### COLLECTED DATA

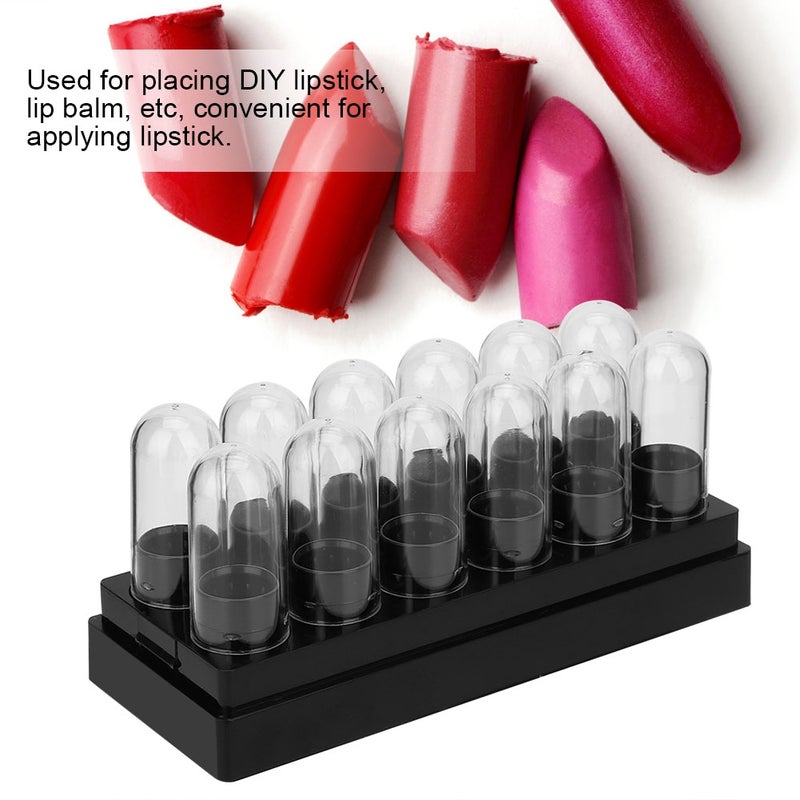 12pcs Plastic Lipstick Sample Tube Mini Lip Balm Empty Tube DIY Cosmetic Tool - Image 4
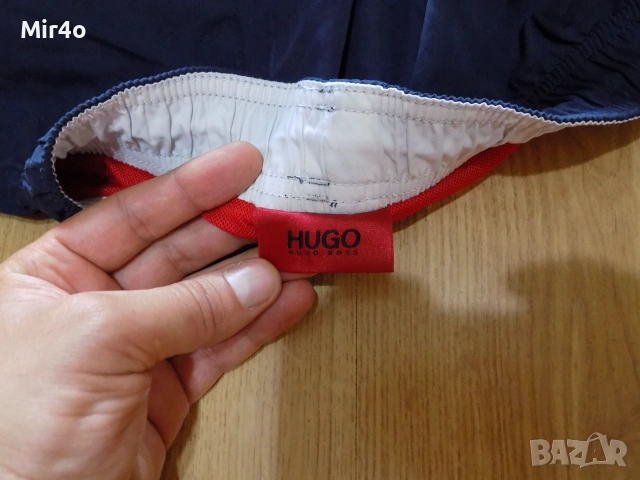 къси панталони hugo boss бански шорти гащета екип плажни летни мъжки оригинални S, снимка 6 - Спортни дрехи, екипи - 51351478
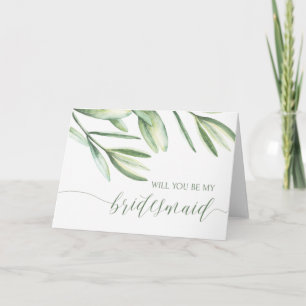 Will You Be My Bridesmaid Tropical Wedding Card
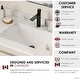 preview thumbnail 8 of 11, STYLISH 21x15 inch Porcelain Rectangular Undermount Vanity Sink with Overflow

### TASK
Each line from the one holding "къси панталони hugo" through the end of the listing is to be output exactly, both ends included, with no other lines and the pictures left out.

### EXERCISE OUTPUT
 къси панталони hugo boss бански шорти гащета екип плажни летни мъжки оригинални S, снимка 6 - Спортни дрехи, екипи - 51351478
 Will You Be My Bridesmaid Tropical Wedding Card
 preview thumbnail 8 of 11, STYLISH 21x15 inch Porcelain Rectangular Undermount Vanity Sink with Overflow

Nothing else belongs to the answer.